(What the task requires): Transcribe the listing below exactly, from its first line through the line with "Ceramic Incense Stick Holder acacuss". Omit the pictures.

(Data extracts):
________________________

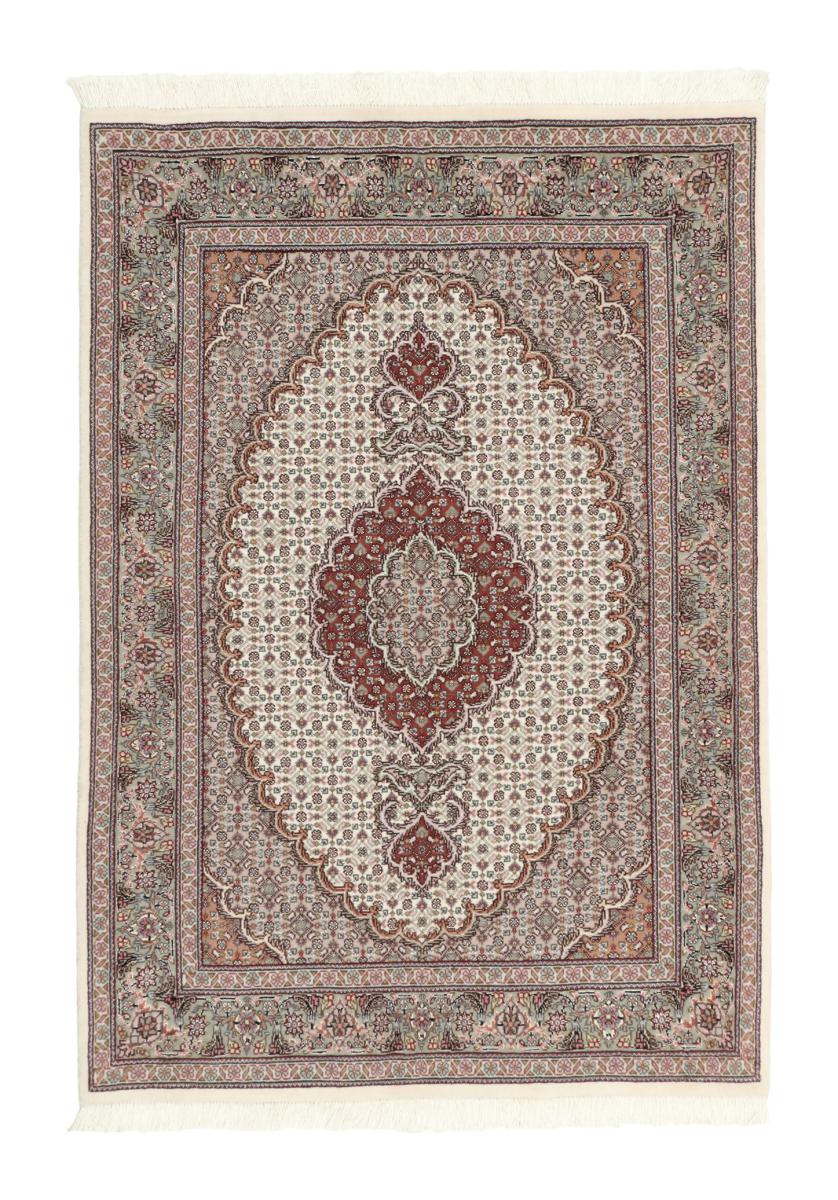 Perzisch tapijt Tabriz Mahi 50Raj 126x87 126x87, Perzisch tapijt Handgeknoopte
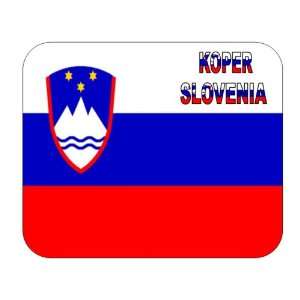  Slovenia, Koper mouse pad 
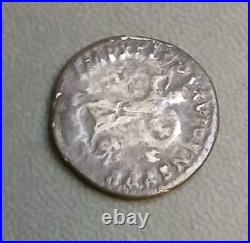 Domitien, Denier, 88-89, Rome, Argent, TTB+, RIC668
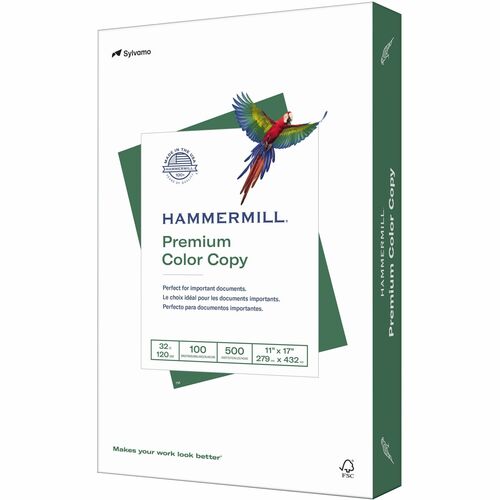 Hammermill Hammermill Inkjet, Laser Copy & Multipurpose Paper HAM102660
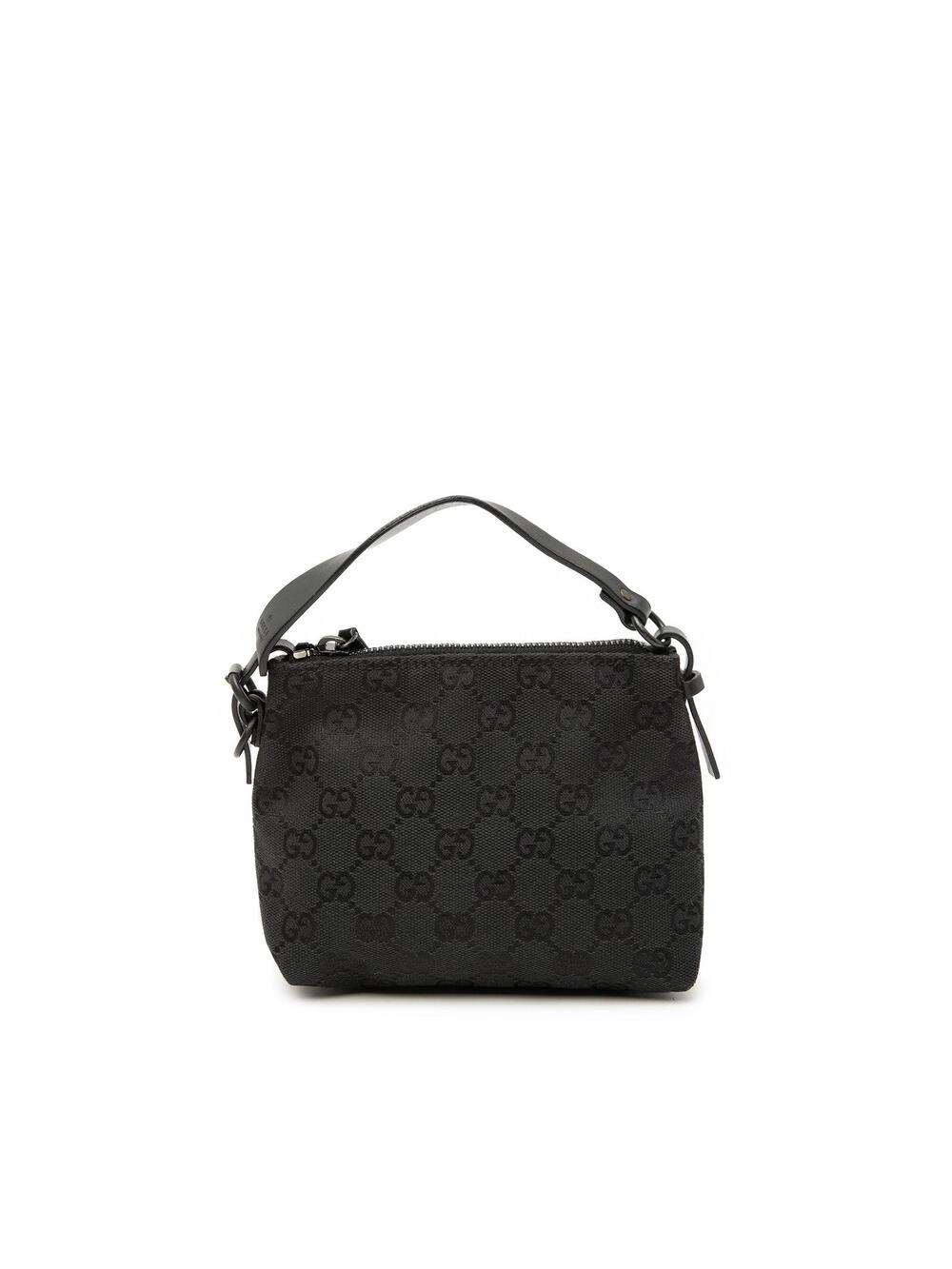 Gucci Gg Canvas Handbag Pre-Loved Bag #292189G40B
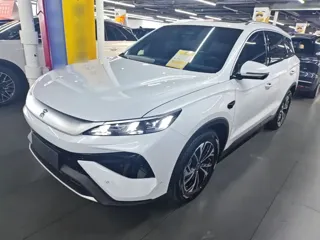 BYD Song Pro NEV 2025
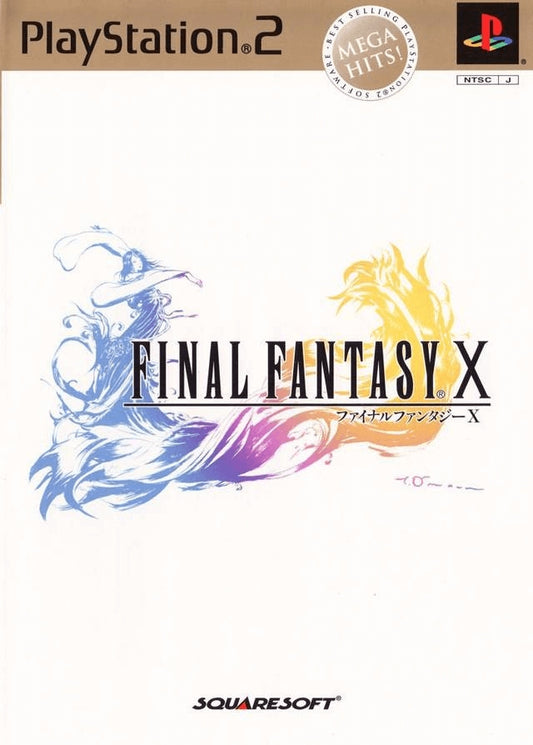 FINAL FANTASY X-2 (GR HITS EDITION)  - PS2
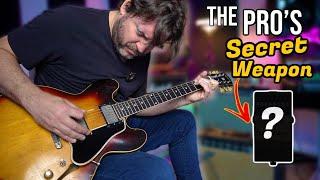 A Secret Weapon To Pro Level TONE! ft Tom Bukovac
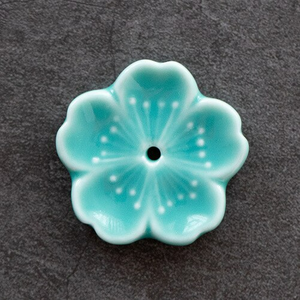 Ceramic Incense Stick Holder acacuss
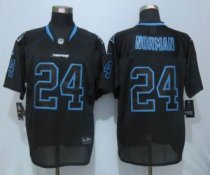 New Nike Carolina Panthers -24 Josh Norman Lights Out Black Elite Jerseys New Nike Carolina Panthers -24 Josh Norman Lights Out Black Elite Jerseys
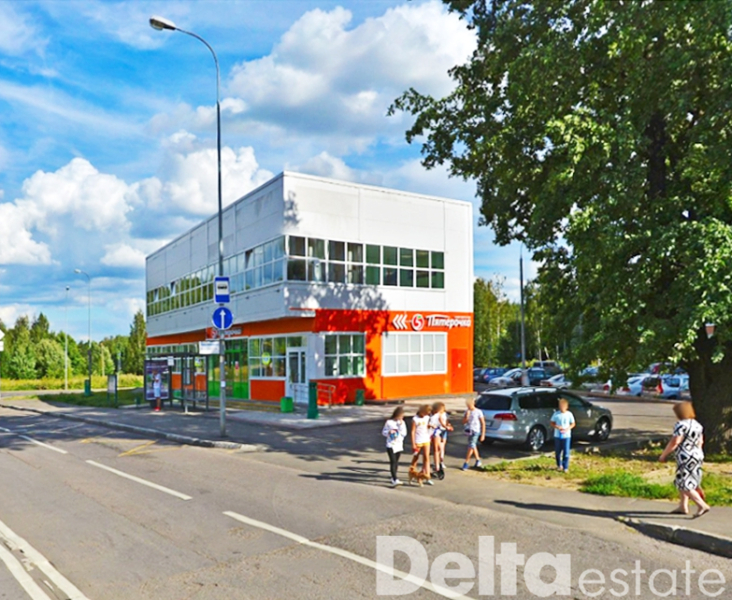 Москва, Челобитьевское ш, 10Б, корп. б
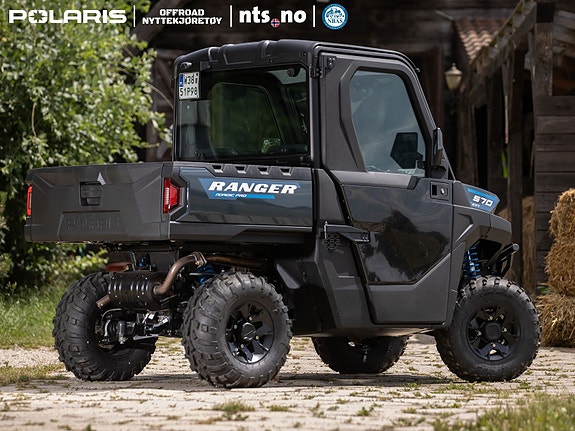 Polaris RANGER Sp 570 EPS  Nordic Pro med hyttepakke 13 of 30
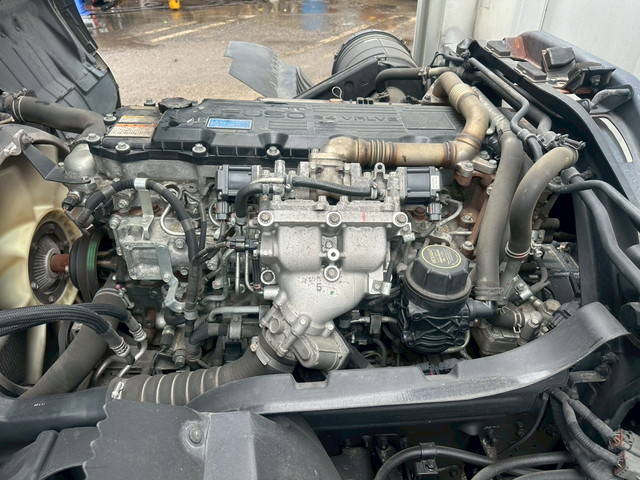 三菱ふそうファイターアルミウイング中型（4t）[写真24]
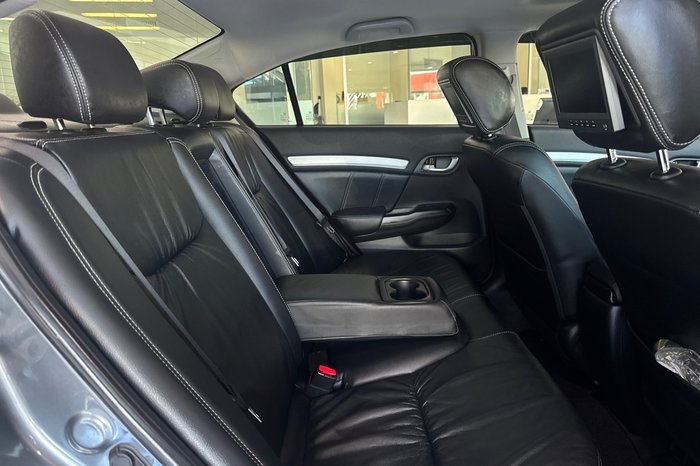2013 Honda Civic Sport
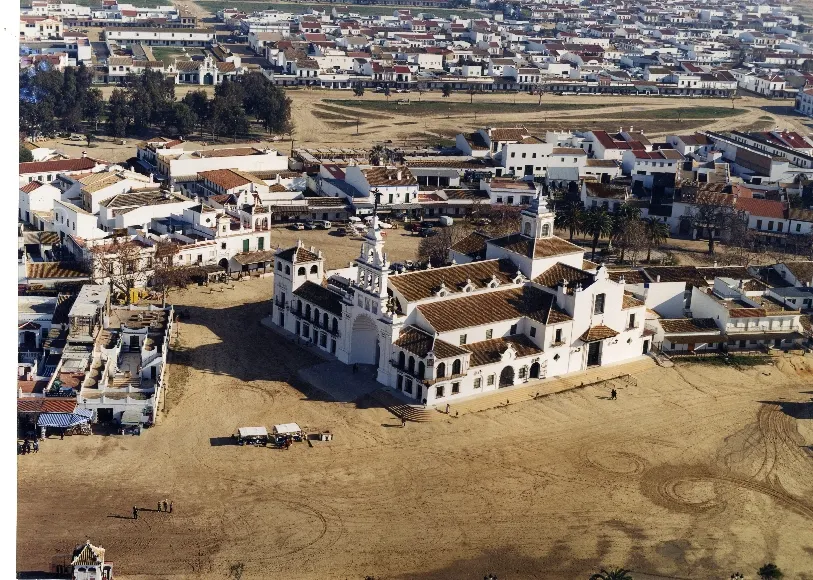 arreglos en la del rocío -ermita11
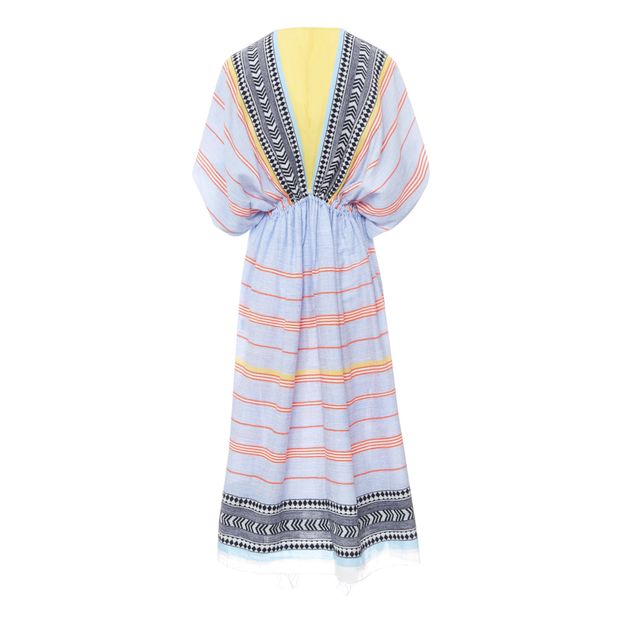 Robe Plunge Neck Neela-product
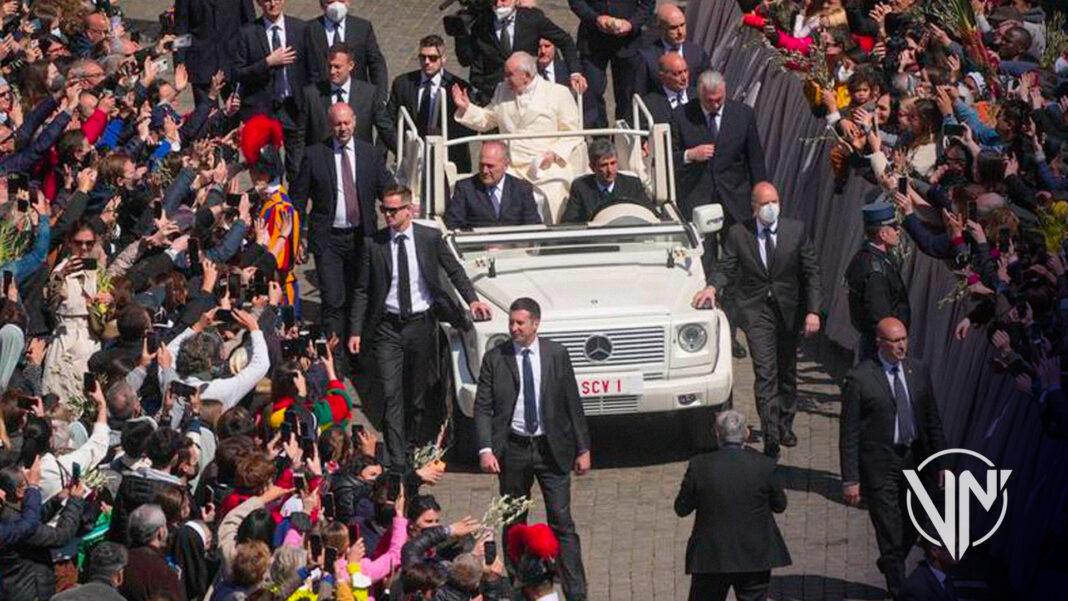 Papa Francisco: Los líderes deben hacer sacrificios por el bien de su gente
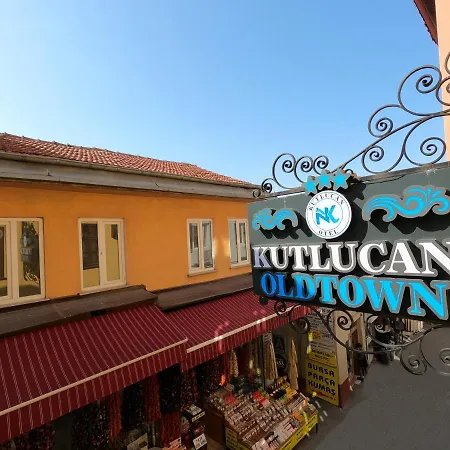 Ξενοδοχείο Kutlucan Oldtown Προύσα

________________________

(Exercise solution):
 Perzisch tapijt Tabriz Mahi 50Raj 126x87 126x87, Perzisch tapijt Handgeknoopte
  Slovenia, Koper mouse pad 
 Domitien, Denier, 88-89, Rome, Argent, TTB+, RIC668
 Hammermill Hammermill Inkjet, Laser Copy & Multipurpose Paper HAM102660
 Gucci Gg Canvas Handbag Pre-Loved Bag #292189G40B
 BYD Song Pro NEV 2025
 FINAL FANTASY X-2 (GR HITS EDITION)  - PS2
 A Secret Weapon To Pro Level TONE! ft Tom Bukovac
 Ceramic Incense Stick Holder acacuss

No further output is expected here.